Exercise goal: Below are the records. Reproduce exactly the lines from the one containing "Колпачки на диски" through the final line, and omit any pictures.

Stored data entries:
________________________
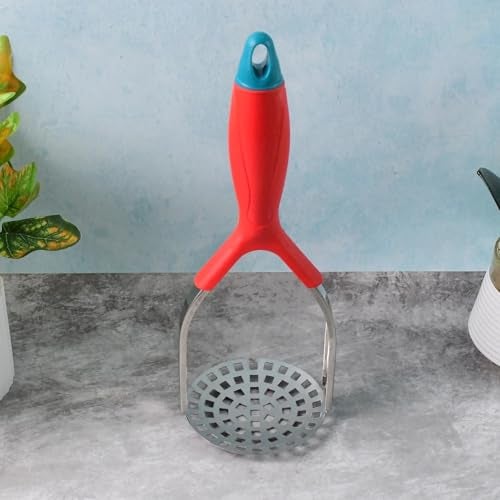 SUPERMOM Stainless Steel Potato Masher 1 Pc – Heavy Duty Professional Vegetable Masher with Comfortable Grip – Durable Mashing Crusher for Pav Bhaji, Fruits & More – Effortless Handheld Kitchen Tool - Image 3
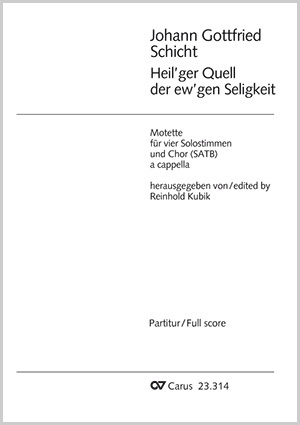 Heil'ger Quell der ew'gen Seligkeit Partition, Première édition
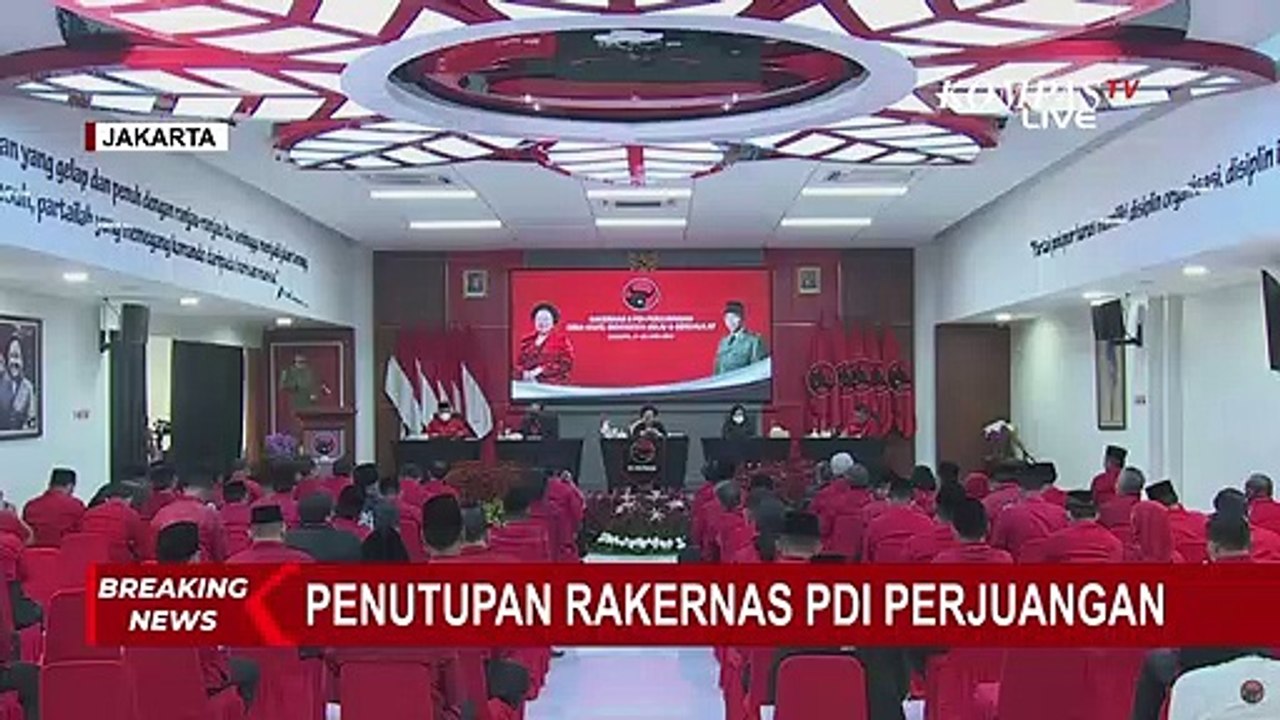 BREAKING NEWS! Megawati Soekarnoputri Tutup Rakernas PDI Perjuangan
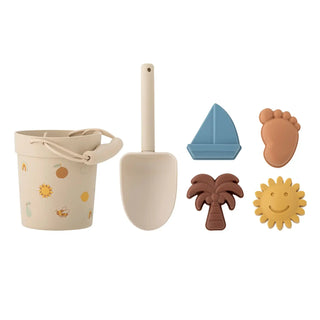 Agnes Strandspielset Silikon beige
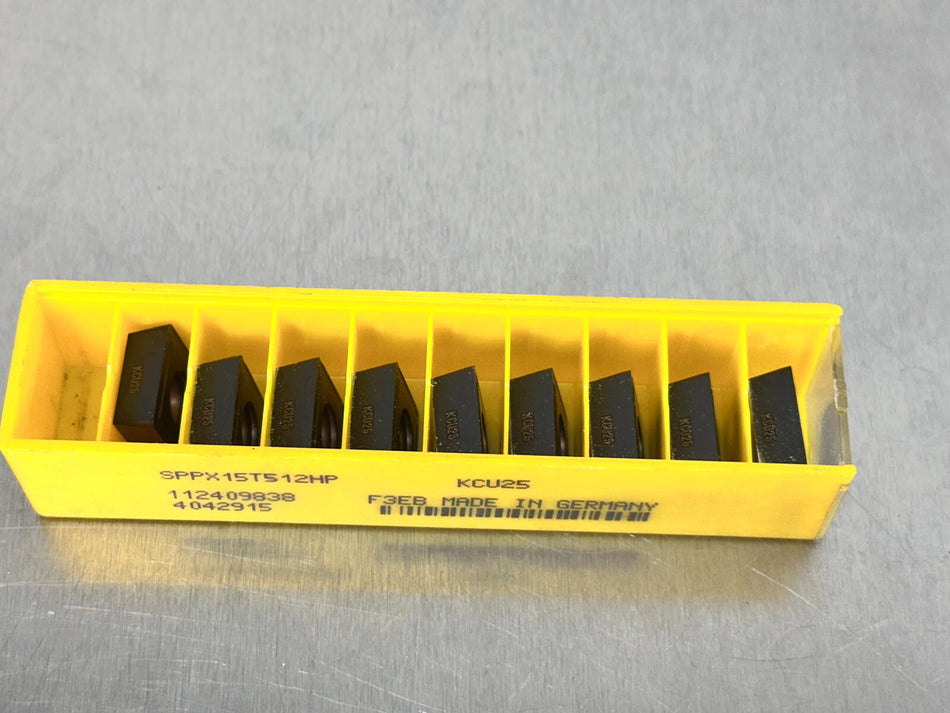 Kennametal SPPX15T512HP KCU25 Carbide Insert (Pack of 9)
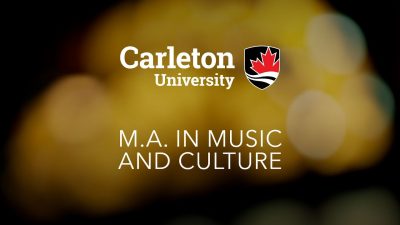 Thumbnail for: Discover Music and Culture at Carleton
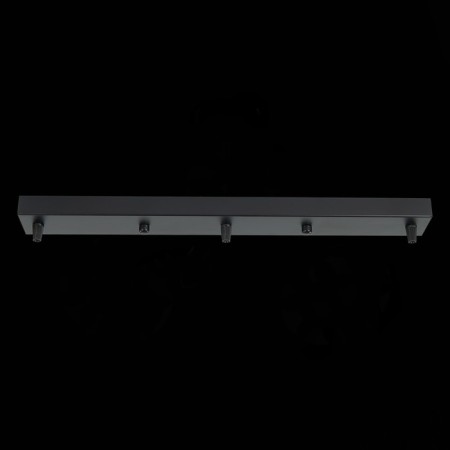 Ceiling fastening for 3 lamps (rectangular) ST LUCE. SL001.413.03. SL001, 50x6 cm, black color-1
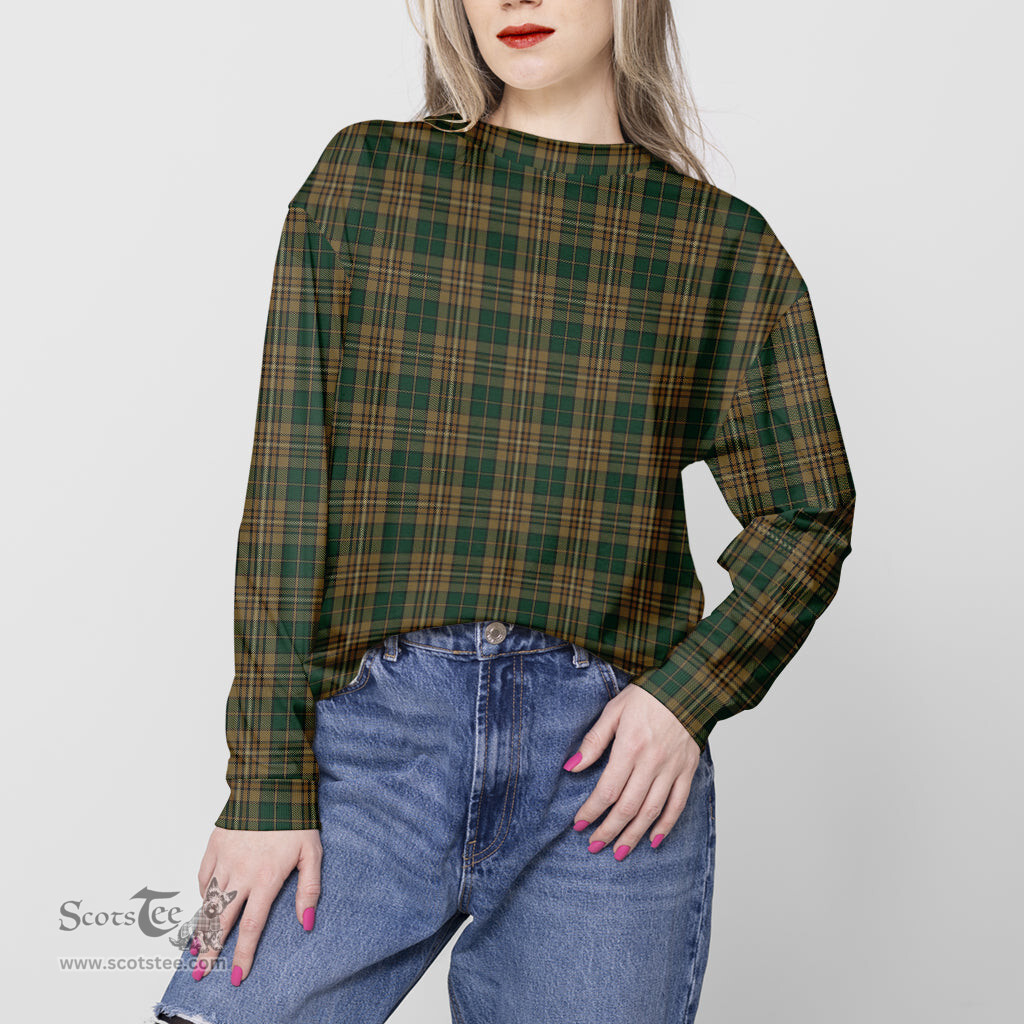 ScotsTee Shop Scottish Fitzsimmons Clan Tartan Womens Raglan Sleeve Sweatshirt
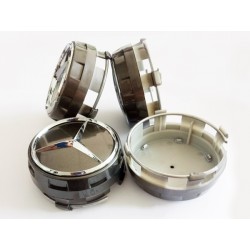 Колпачки на диски Mercedes AMG (75/70) Черные A 000 400 09 00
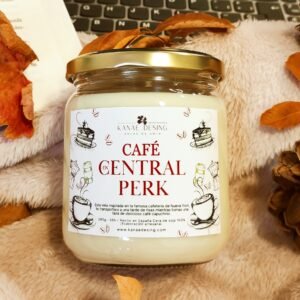Vela aromática de soja café capuchino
________________________
Result:
 Колпачки на диски Mercedes AMG (75/70) Черные A 000 400 09 00
Vela aromática de soja café capuchino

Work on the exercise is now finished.